But at the summit, a man named Rutledge (Starr) uses his connections at a contract company who'll be blustering security for the event, to weasel his way in. A few internet blackouts, door lock changes, and boom, twenty world leaders all trapped in a single location, guns to their heads. Only during the initial attack, the president and her secret service agent Manny (Ramón Rodríguez), along with a few others, manage to escape down a laundry chute. This really sets off Rutledge, who plans to record the hostages reading a list of words so that they can generate deepfakes, spewing nonsense about the economy to cripple it. Why the captives don't read it with a heavy accent or something, to help show that it's not real, is beyond the logic of the script and its four credited screenwriters.

So yeah, it's another "Die Hard" clone, and you know, it's almost refreshing to see a big(ish)-budget one of these, but I do wish we didn't need to run the story through all the cliches at the script-factory: hero's loved-one captured? Numerous double-agents? Talky villain? False ending? Check, check, check and, *checks notes*, ah yes, check.

At least the action is convincing, thanks to the lean and effective direction by Patricia Riggen. I counted only two moments of obvious CGI, and one was a brief establishing shot of the Air Force One. I'd say it was a cute wink at the genre, but that would be to suggest this film had any real wit to it.
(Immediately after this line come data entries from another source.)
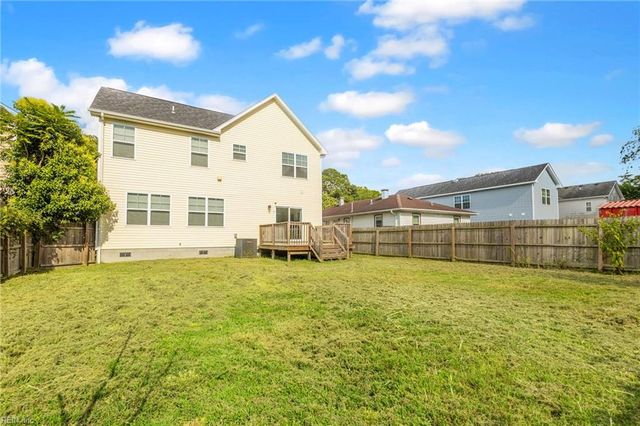 1224 Commerce AVE, Chesapeake, VA 23324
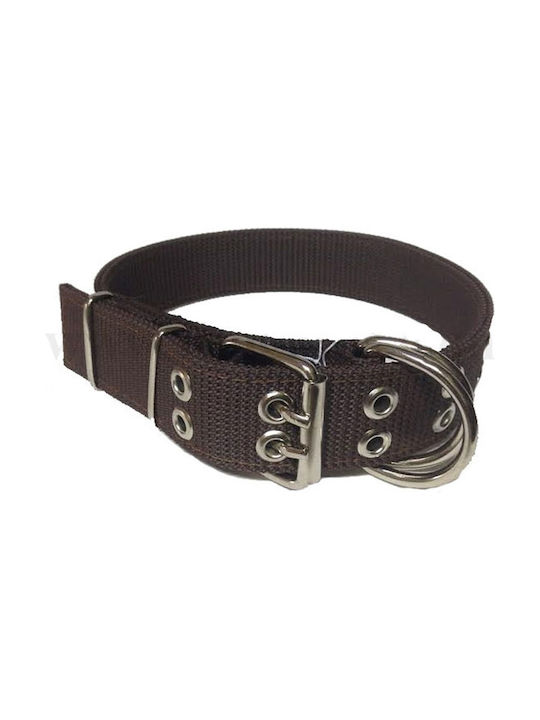 Dog Collar Brown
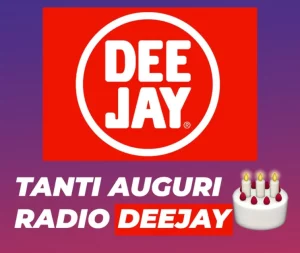 1 febbraio 1982: nasce Radio Deejay, la rivoluzione giovane dell’etere italiano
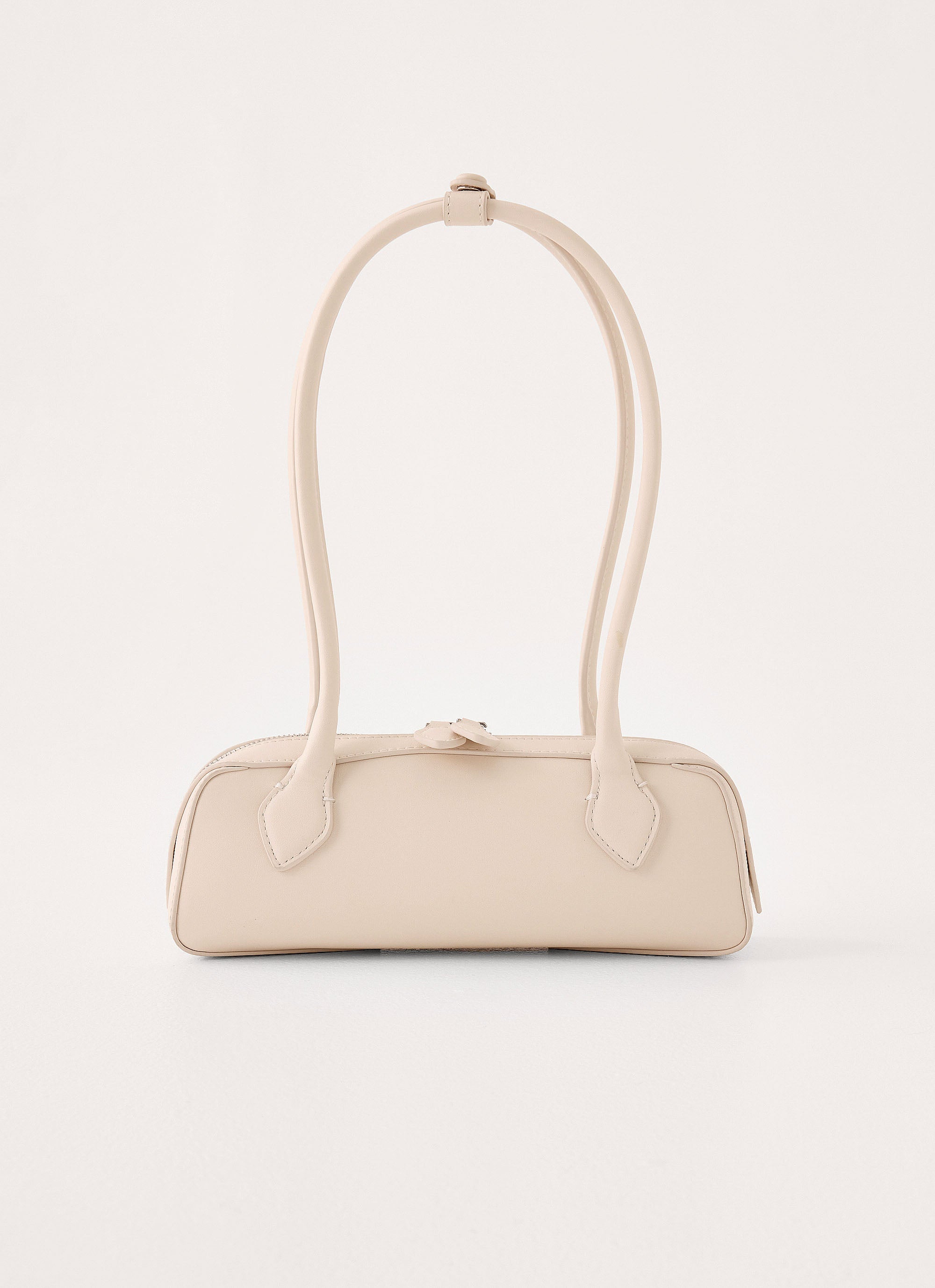 Bare Bliss Bag - Cream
As someone who enjoys watching an aging Charles Bronson or Liam Neeson take down dudes half their age, Viola Davis is as convincing as any 59 year old could be. But the film goes out of its way to put her in situations that try and frame unbelievable actions as believably as possible. She seldom needs to fight more than one baddie on her own, and they always seem to happen where she can grab a frying pan, jammed gun, you name it. But even then, the movie can't commit to this notion: early on we see that Sutton has a bum knee, but it never comes up in the many fights she wins; I kept waiting for an enemy to exploit this, like John McClane and his lack of shoes, but it never happens.

"G20" is a B-movie with an A-cast, and Viola has the screen-presence and conviction to have a second-life as an action star. I just wish a star of her caliber had gotten offered a really good script, filled with originality instead of familiarity.